● Requirement
Among the entries below, only the lines from the one with "Vivienne Sekkowe Heels - nadiazagreb" through the one with "japanese robot emoji" are to be retyped, exactly and without pictures.

Source information Block Start

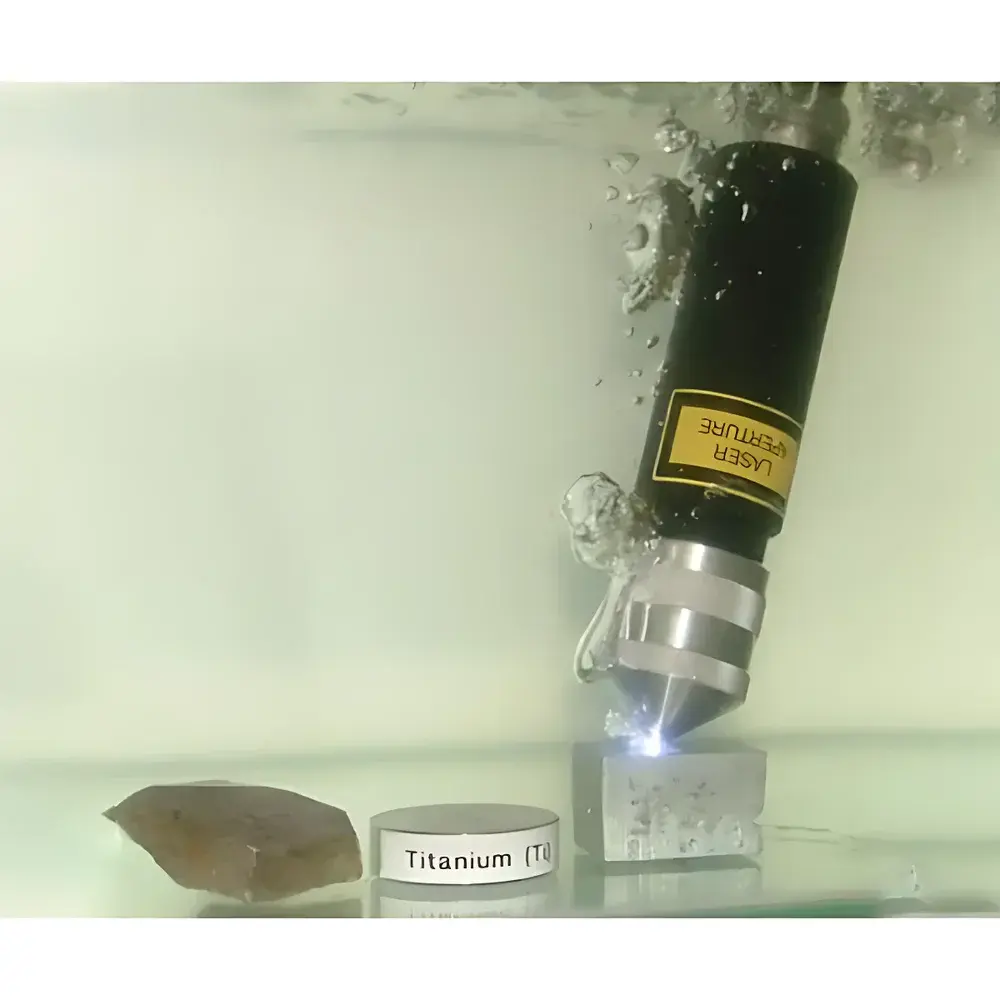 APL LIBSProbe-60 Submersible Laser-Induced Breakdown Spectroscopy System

Source information Block End
Source information Block Start

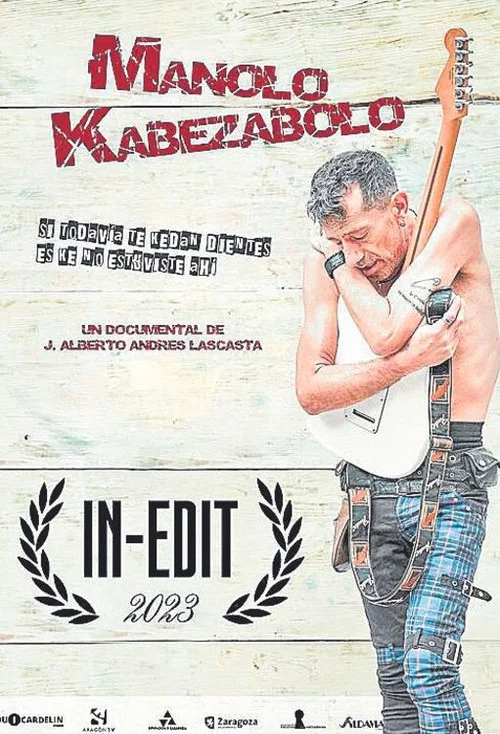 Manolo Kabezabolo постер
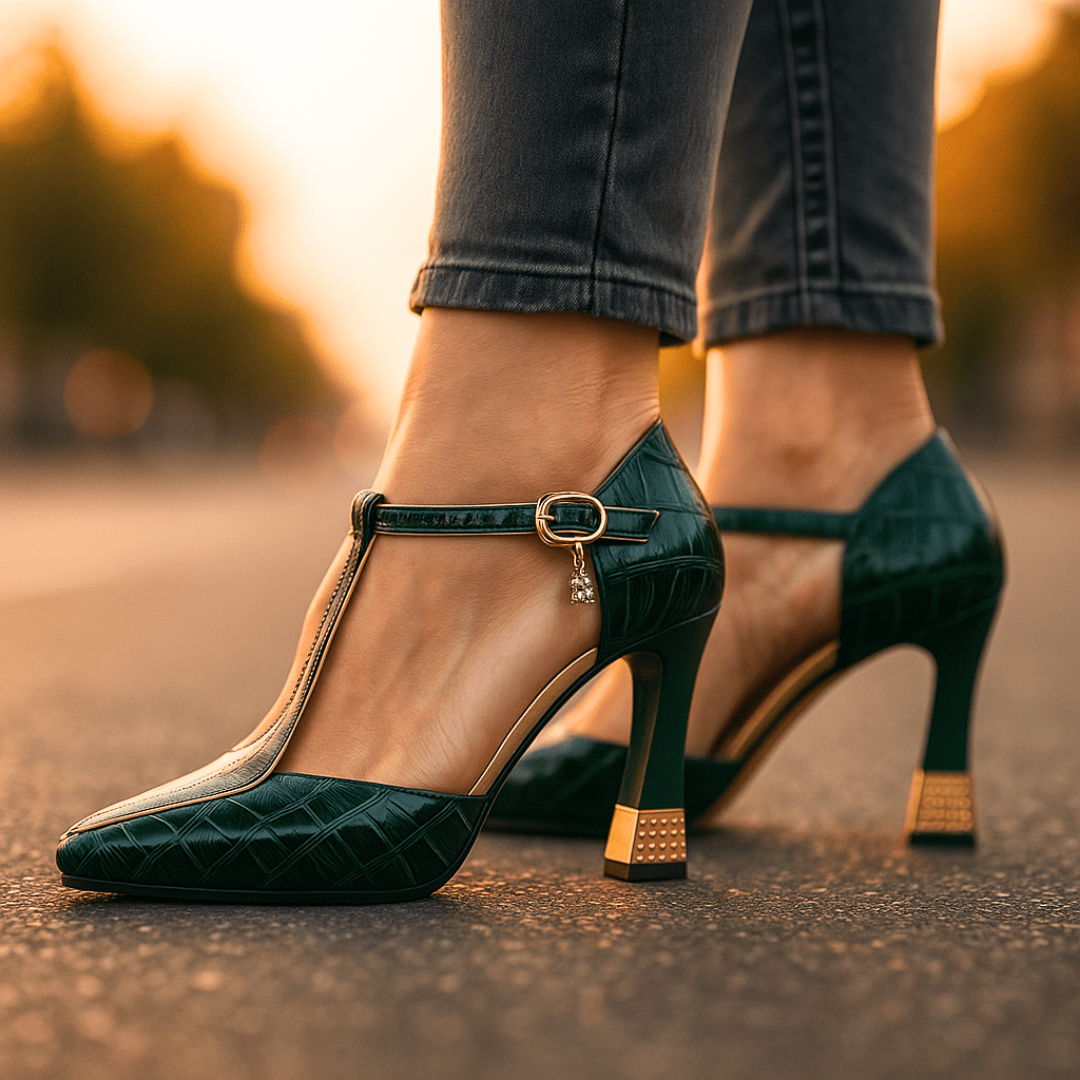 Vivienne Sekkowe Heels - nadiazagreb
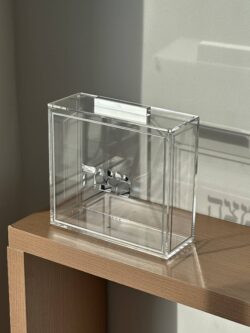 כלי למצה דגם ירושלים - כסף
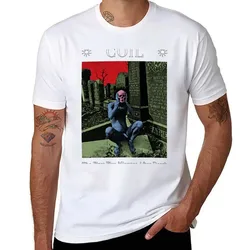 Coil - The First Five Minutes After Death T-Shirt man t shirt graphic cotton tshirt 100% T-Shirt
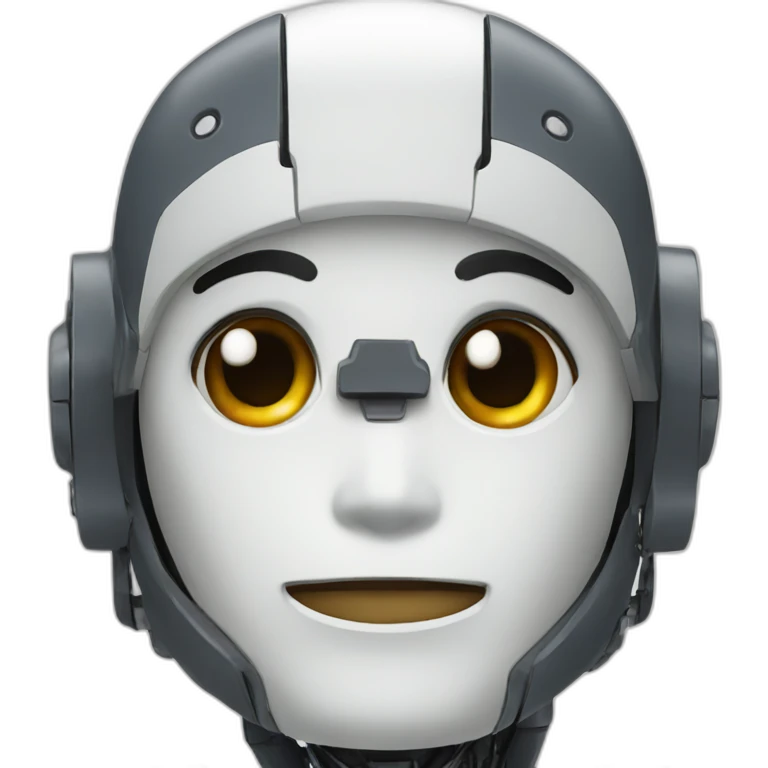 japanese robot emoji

Source information Block End
Source information Block Start

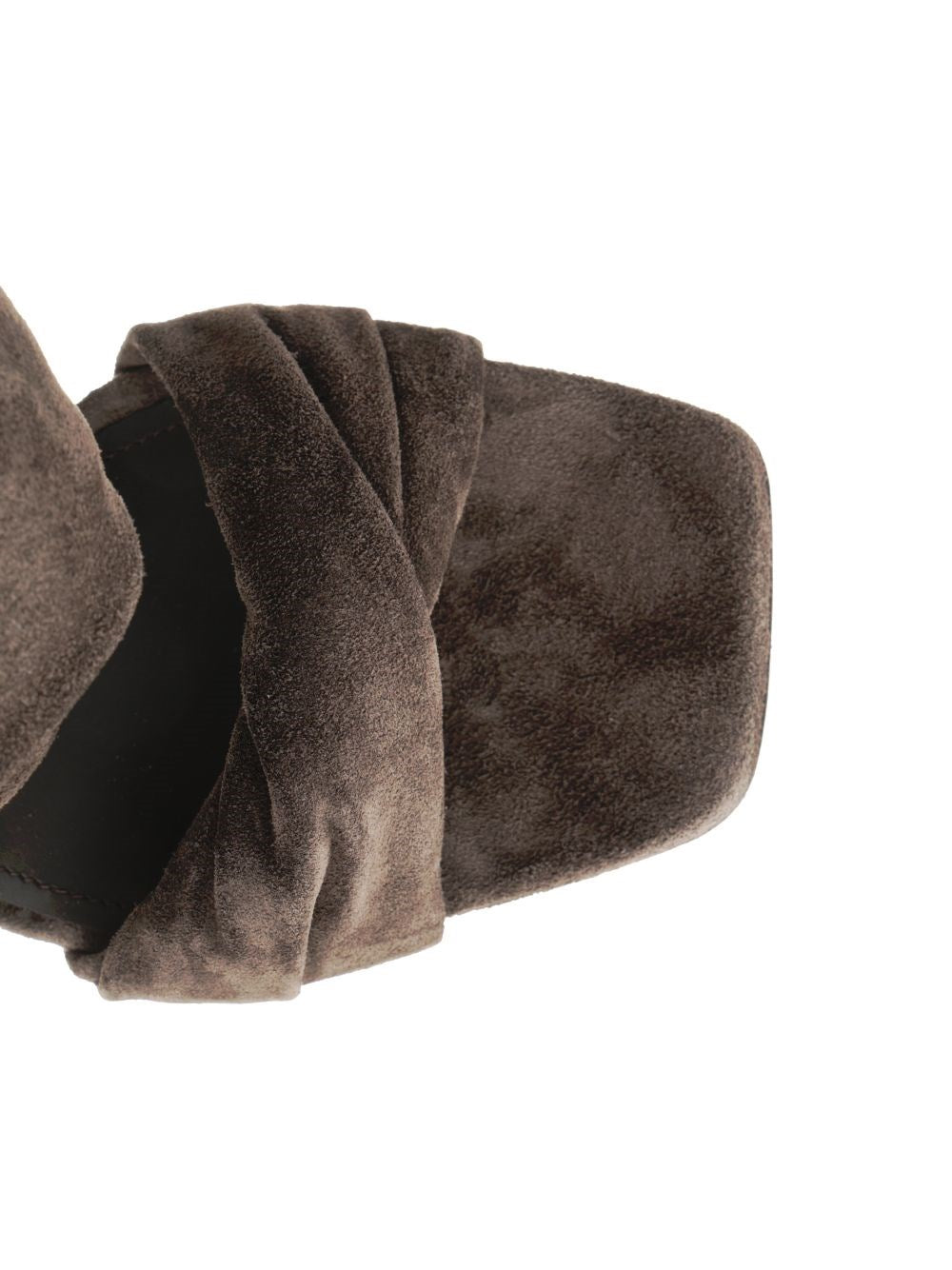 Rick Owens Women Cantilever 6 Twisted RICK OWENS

Source information Block End

● Result for this exercise
 Vivienne Sekkowe Heels - nadiazagreb
 כלי למצה דגם ירושלים - כסף
 Coil - The First Five Minutes After Death T-Shirt man t shirt graphic cotton tshirt 100% T-Shirt
 japanese robot emoji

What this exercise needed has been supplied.